What Non-profit Organizations Need to Know About Benefits Compensation and ReportingTax Professionals' Resource
March 13, 2013 — 1,180 views
When job seekers look at their opportunities, the benefits they receive are very often an important factor. In non-profit organizations, budget constraints mean that there is a limit on the salaries that they can offer. Offering a robust and competitive package of benefits is an effective way to retain employees and attract new talent. There are many ways this can be done.
Make a Retirement Plan Possible
Offering a retirement plan like the 403(b) plan could be costly for some of the non-profit organizations, though it is not cost prohibitive as many people imagine. Most retirement plans come at a high cost when the employer agrees to match the employees' contribution. However, you may find it surprising that it is possible to establish a 403(b) or 401(k) plan and maintain it for not more than few hundred dollars per month as administrative fees to be paid to the benefits management firm. It is important to help the employees of your organization to start saving as soon as possible.
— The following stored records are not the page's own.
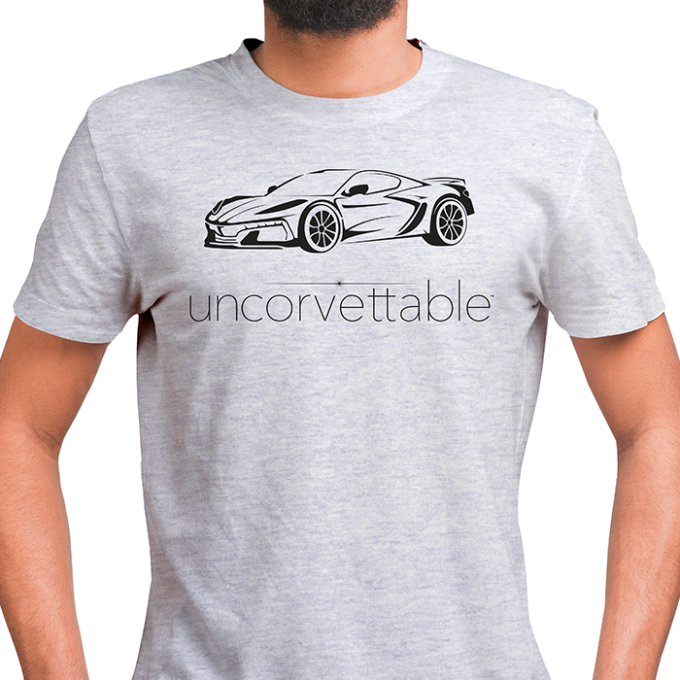 Corvette Depot Uncorvettable Unisex Tee, with 8th Generation Corvette, Ash Gray
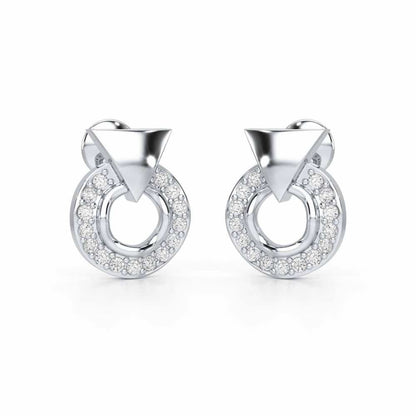 Galactic Halo Silver Earrings - White Gold - Image 1
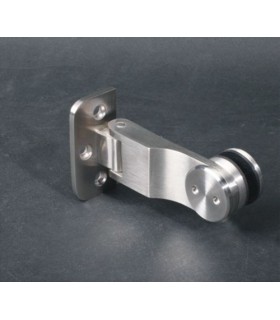 Charnière inox ouverture à 90° mur sur verre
When you are not able to offer financial benefits to your employees, outside-the-box thinking can help you provide benefits that your employee will appreciate. Let the employee work from home for a day or two. Arrange a party to appreciate your employees when organizational milestones occur, or make an employee’s wedding a special occasion. These non-cash means of giving attention to the employees and rewarding their hard work will make them realize how you really appreciate their contribution.
Many employees of non-profits are motivated to do good work like volunteering but may not find the time or energy during regular workdays to volunteer. Give them some additional holidays apart from their regular vacation days to volunteer. This will help them to do what they like to an extent of satisfaction.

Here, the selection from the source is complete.